I am new to Python and seem to be having trouble getting an image to download and save to a file. I was wondering if someone could point out my error. I have tried two methods in various ways to no avail. Here is my code below:
# Ask user to enter URL
url= http://hosted.ap.org/dynamic/stories/A/AF_PISTORIUS_TRIAL?SITE=AP&SECTION=HOME&TEMPLATE=DEFAULT&CTIME=2014-04-15-15-48-52
timestamp = datetime.date.today()
soup = BeautifulSoup(urllib2.urlopen(url).read())
#soup = BeautifulSoup(requests.get(url).text)
# ap
links = soup.find("td", {'class': 'ap-mediabox-td'}).find_all('img', src=True)
for link in links:
imgfile = open('%s.jpg' % timestamp, "wb")

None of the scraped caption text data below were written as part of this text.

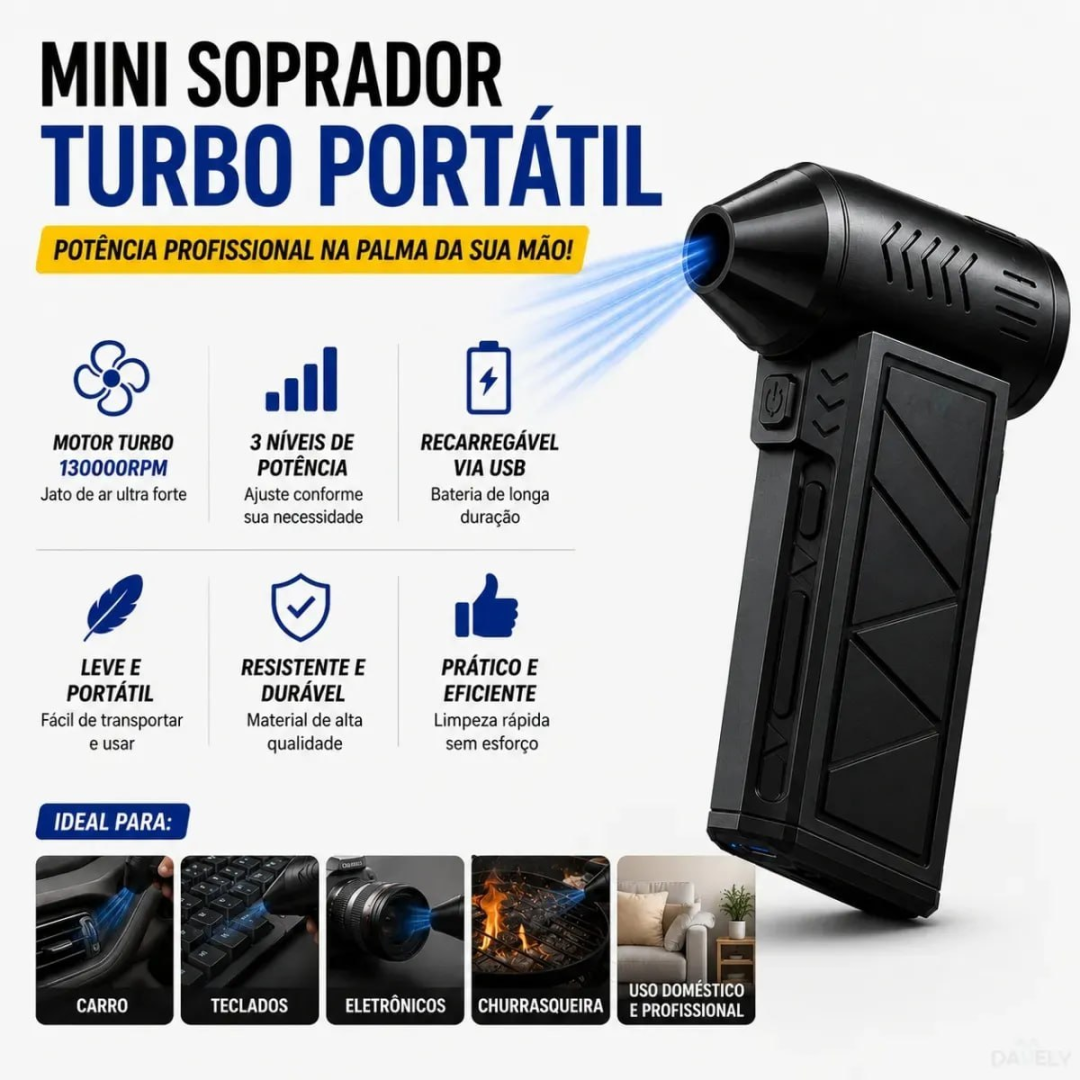 Soprador Ar Turbo 130000rpm Assoprador Sem Fio Recarregável Usb 3 Níveis Jato Forte Portátil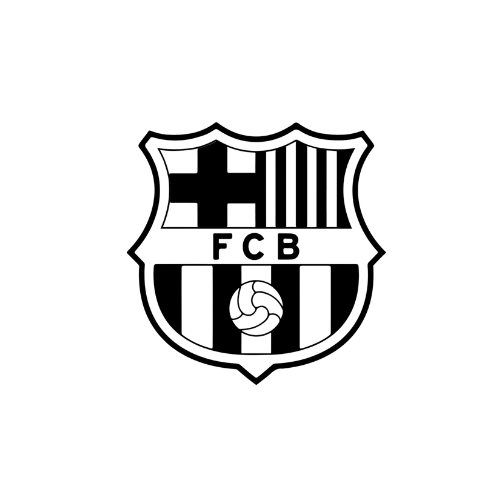 Escudo del FC Barcelona: escudo con cruz, rayas y balón de fútbol.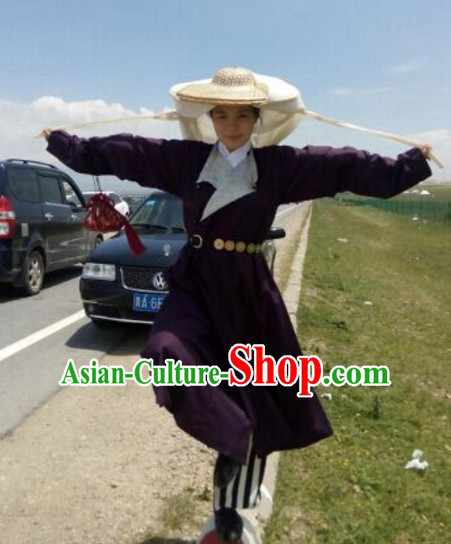 Ancient Chinese Swordswoman Costume and Hat Complete Set for Women or Girls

link = link["src"].split("src=")[-1]
imgurl = "http://hosted.ap.org/dynamic/files" + link
download_img = urllib2.urlopen(imgurl).read()
#download_img = requests.get(imgurl, stream=True)
#imgfile.write(download_img.content)
imgfile.write(download_img)
imgfile.close()
# link outputs: /photos/F/f5cc6144-d991-4e28-b5e6-acc0badcea56-small.jpg
# imgurl outputs: http://hosted.ap.org/dynamic/files/photos/F/f5cc6144-d991-4e28-b5e6-acc0badcea56-small.jpg
I receive no console error, just an empty picture file.
The relative path of the image can be obtained as simply as by doing:
link = link["src"]
Your statement:
link = link["src"].split("src=")[-1]
is excessive. Replace it with above and you should get the image file created. When I tried it out, I could get the image file to be created. However, I was not able to view the image. It said, the image was corrupted.
I have had success in the past doing the same task using python's requests library using this code snippet:
r = requests.get(url, stream=True)
if r.status_code == 200:
with open('photo.jpg', 'wb') as f:
for chunk in r.iter_content():
f.write(chunk)
f.close()
url in the snippet above would be your imgurl computed with the changes I suggested at the beginning.
Hope this helps.